Everything started when John and Anne tried to extend the Massachusetts Rule to cut some branches from their neighbors’ trees. The problem was that the trees and branches were both on the neighbors’ properties.

Then they built a fence. So far, so good, at least until the fence they built was on their neighbors’ property, too. The neighbors, Matt and Rachel Milcic, objected. After mediation, the Estes fence was removed.

Obviously, John and Anne were sore at having been upbraided for their brazen trespasses. So they rebuilt the fence, and on the Milcics’ side, painted in large block letters, “PULL YOUR WEEDS.”

“Hah!” You can imagine John and Anne giving each other high-fives at their in-your-face cattiness. They sure showed those jerk neighbors, who thought they were so cool that they could stop John and Anne from trespassing. Their snickers and winks lasted for one crowded hour of glorious fun.

Maybe the neighbors really did need to weed. It’s hard to say. Certainly, Matt Milcic did some landscaping in response to the fence. After he had done so, and after he asked John to remove the sign, John said he might. But petulantly, he did not.

Cute, John… at least until the Milcics sued. Then, John offered to paint out the words if the Milcics would drop the suit. But that horse had left the barn…

The Esteses’ conduct was brazen enough that the trial court granted the Milcics summary judgment. But then, the battle continued over damages. By the time the court was done, the Esteses’ cruel prank had cost them northward of $10,000.00. Not nearly what the Milcics wanted, the award nevertheless undoubtedly deterred the juvenile conduct.

You’d better find your checkbook, John. You and Anne enjoyed your crowded, glorious hour. The age without a name (but with a dollar sign) has now arrived.

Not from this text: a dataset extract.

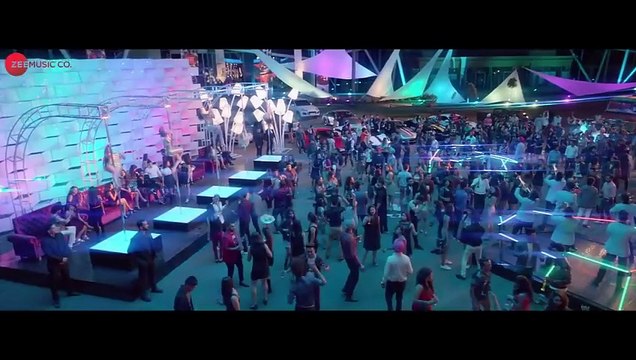 Ishaq Chaliya _ Pal Pal Dil Ke Paas _ Sunny Deol, Karan Deol, Sahher _ Sachet Parampara _ Rishi Rich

Milcic v. Estes, 2018 Wash. App. LEXIS 1798 (Ct. App. Wash., Aug. 6, 2018). The Milcics and Estes are next-door neighbors. In 2013, the Estes cut branches off trees located on the Milcics’ property and began to build a fence along the parties’ common boundary.

When a dispute regarding fence encroachments arose, the parties submitted it to mediation. In April 2014, the parties executed a settlement agreement in which the Estes agreed, among other things, to remove both the excess dirt from the Milcics’ property and portions of fence footings that were visible above ground.

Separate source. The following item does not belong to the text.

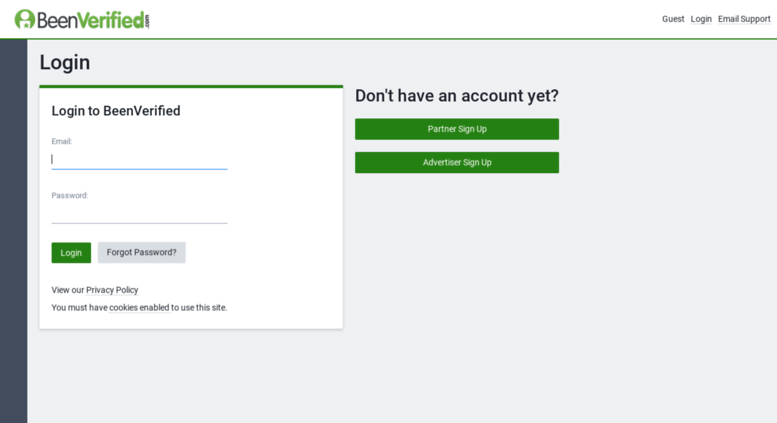 aicpa trust login aicpa trust login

In July 2014, the Estes painted the words “PULL YOUR WEEDS!” in white, 10-inch block letters on the Milcics’ side of the Estes’ fence. The Milcics threatened a lawsuit unless the Esteses removed the sign. The words remained, and the Milcics sued.

The Milcics’ complaint alleged private nuisance, trespass, timber trespass, spite fence, quiet title and damages to land and property. Shortly after the Milcics filed, the Estes offered to remove the painted message if the Milcics dismissed their complaint. The Milcics rejected the offer, telling the Estes, “If you were willing to do so voluntarily… you could have removed the sign at any time for the past nine months.”

The Milcics moved for partial summary judgment, alleging there were no issues about the Estes’ branch cutting, fence encroachments, and dumping of fill dirt on the Milcics’ property. The trial court granted relief, including ordering the Estes to the fence encroachments. The court awarded the Milcics some but not all, of their requested damages, but denied them reimbursement of their legal fees.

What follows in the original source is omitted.